Le gouvernement aurait pu prendre des mesures appropriées s'il avait pris en considération les opinions d'un certain nombre de spécialistes en la matière, et accordé à cette question tout l'intérêt qui lui était dû. Le peuple est appelé à prendre les précautions nécessaires pour faire face à la situation de crise que traverse le Maroc, au même titre que le gouvernement à qui il est demandé de prendre les mesures qui s'imposent dans de telles circonstances.

Il est impératif de mener des campagnes de sensibilisation, appelant à consommer marocain et rien que marocain, et d'expliquer les objectifs économiques de cette idée qui paraît d'une simplicité élémentaire, à savoir que le franc que nous dépensons pour financer nos importations sort de la poche du Marocain pour ne plus jamais y revenir.

La chute du franc a provoqué une dépréciation de près de 50 pour cent de la valeur du dirham avec lequel nous achetons ce que nous importons pour notre consommation, alors que nous n'avons aucune marchandise à exporter vers les marchés extérieurs, la saison agricole ayant été d'un très faible rendement.

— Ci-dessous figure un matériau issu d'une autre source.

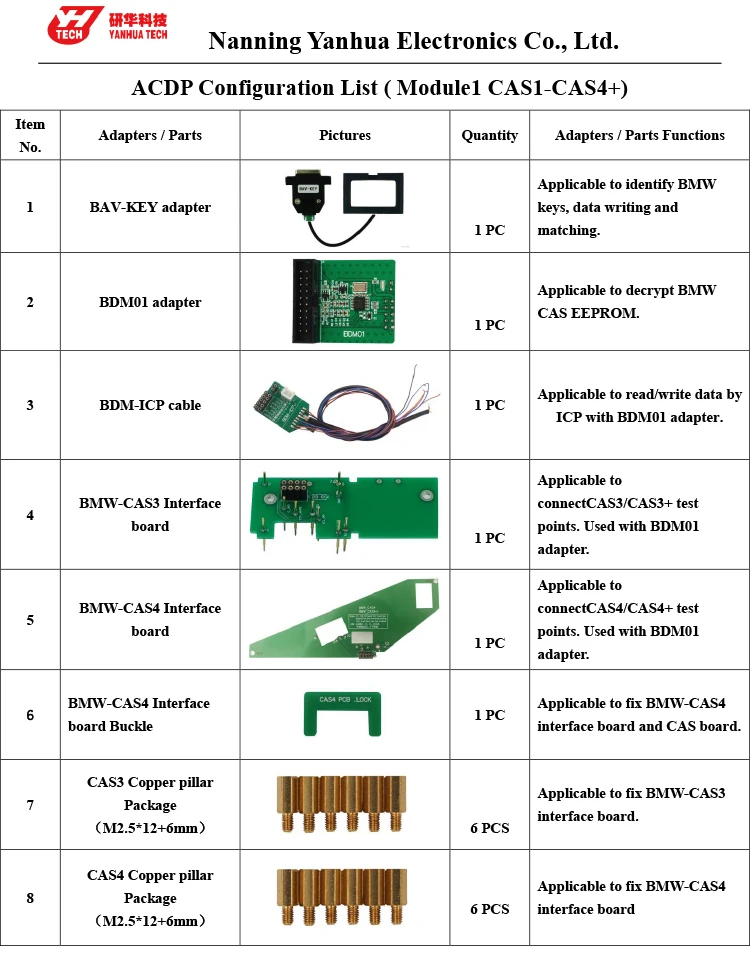ACDP module 1( CAS module) configuration list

S'il faut attendre la prochaine saison - elle-même tributaire des caprices de la nature - le Trésor Public perdra une somme considérable, ce qui ne manquera pas de se traduire par une aggravation de la crise et une extension de la famine. Il est de notre devoir, en tant que Marocains, de conserver pendant cette période difficile les dirhams dans notre pays en nous limitant dans tous nos achats aux produits nationaux. C'est cette idée qui doit faire l'objet d'une vaste campagne de publicité à travers tout le Maroc. C'est elle la mesure pratique pour arrêter la crise à son niveau actuel.